From: Matt Bobrowski <mattbobrowski@google.com>
To: Yonghong Song <yonghong.song@linux.dev>
Cc: "Andrii Nakryiko" <andrii@kernel.org>,
"Eduard Zingerman" <eddyz87@gmail.com>, 梅开彦 <kaiyanm@hust.edu.cn>,
"Daniel Borkmann" <daniel@iogearbox.net>,
bpf <bpf@vger.kernel.org>,
"Martin KaFai Lau" <martin.lau@linux.dev>,
hust-os-kernel-patches@googlegroups.com,
"Yinhao Hu" <dddddd@hust.edu.cn>,
dzm91@hust.edu.cn, "KP Singh" <kpsingh@kernel.org>,
"Alexei Starovoitov" <alexei.starovoitov@gmail.com>
Subject: Re: bpf: mmap_file LSM hook allows NULL pointer dereference
Date: Mon, 29 Dec 2025 10:33:24 +0000 [thread overview]
Message-ID: <aVJY9H-e83T7ivT4@google.com> (raw)
In-Reply-To: <9e402939-40ea-4da2-aad1-43d2afb74a83@linux.dev>
On Thu, Dec 18, 2025 at 02:51:27PM -0800, Yonghong Song wrote:
>
>
> On 12/11/25 1:39 PM, Matt Bobrowski wrote:
> > On Wed, Dec 10, 2025 at 10:02:16AM +0000, Matt Bobrowski wrote:
> > > On Wed, Dec 03, 2025 at 10:23:43AM -0800, Alexei Starovoitov wrote:
> > > > On Wed, Dec 3, 2025 at 12:47 AM Matt Bobrowski <mattbobrowski@google.com> wrote:
> > > > > > We can play tricks with __weak.
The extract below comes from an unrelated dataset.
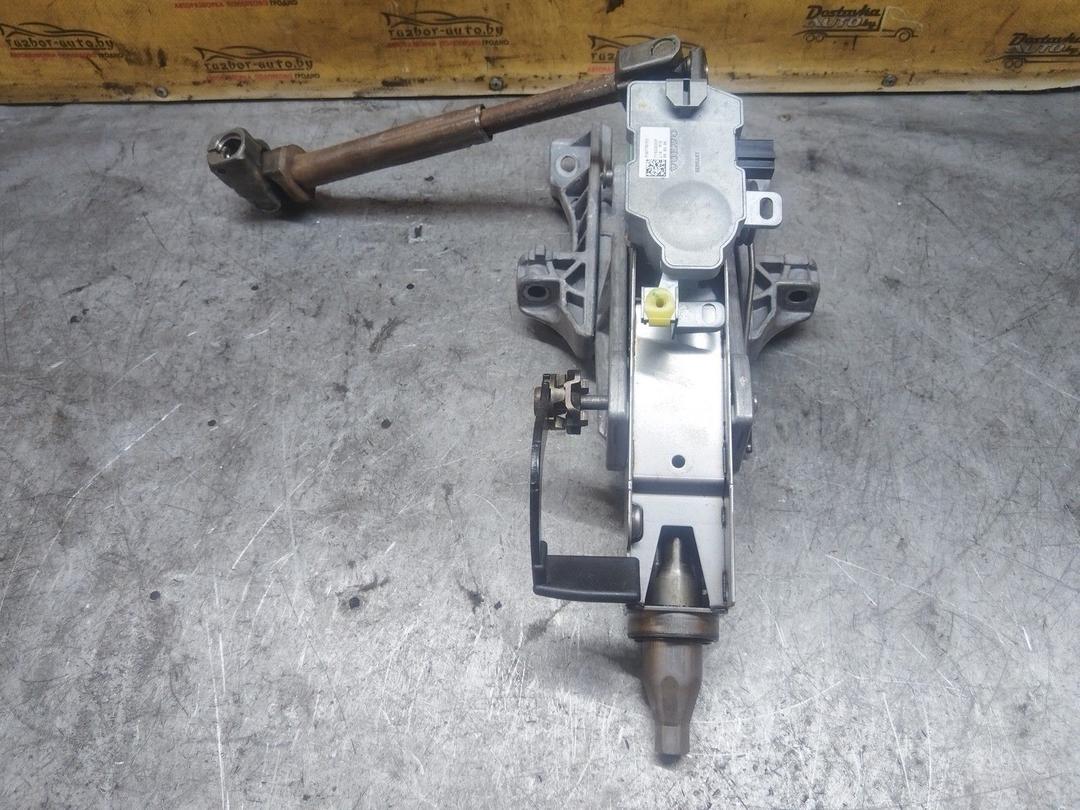 Рулевая колонка LK97HW Volvo S40 купить с доставкой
Like:
> > > > > >
> > > > > > diff --git a/kernel/bpf/bpf_lsm.c b/kernel/bpf/bpf_lsm.c
> > > > > > index 7cb6e8d4282c..60d269a85bf1 100644
> > > > > > --- a/kernel/bpf/bpf_lsm.c
> > > > > > +++ b/kernel/bpf/bpf_lsm.c
> > > > > > @@ -21,7 +21,7 @@
> > > > > > * function where a BPF program can be attached.
> > > > > > */
> > > > > > #define LSM_HOOK(RET, DEFAULT, NAME, ...) \
> > > > > > -noinline RET bpf_lsm_##NAME(__VA_ARGS__) \
> > > > > > +__weak noinline RET bpf_lsm_##NAME(__VA_ARGS__) \
> > > > > >
> > > > > > diff kernel/bpf/bpf_lsm_proto.c
> > > > > >
> > > > > > +int bpf_lsm_mmap_file(struct file *file__nullable, unsigned long reqprot,
> > > > > > + unsigned long prot, unsigned long flags)
> > > > > > +{
> > > > > > + return 0;
> > > > > > +}
> > > > > >
> > > > > > and above one with __nullable will be in vmlinux BTF.
> > > > > >
> > > > > > afaik __weak functions are not removed by linker when in non-LTO,
> > > > > > but it's still better than
> > > > > > +#define bpf_lsm_mmap_file bpf_lsm_mmap_file__original
> > > > > > No need to change bpf_lsm.h either.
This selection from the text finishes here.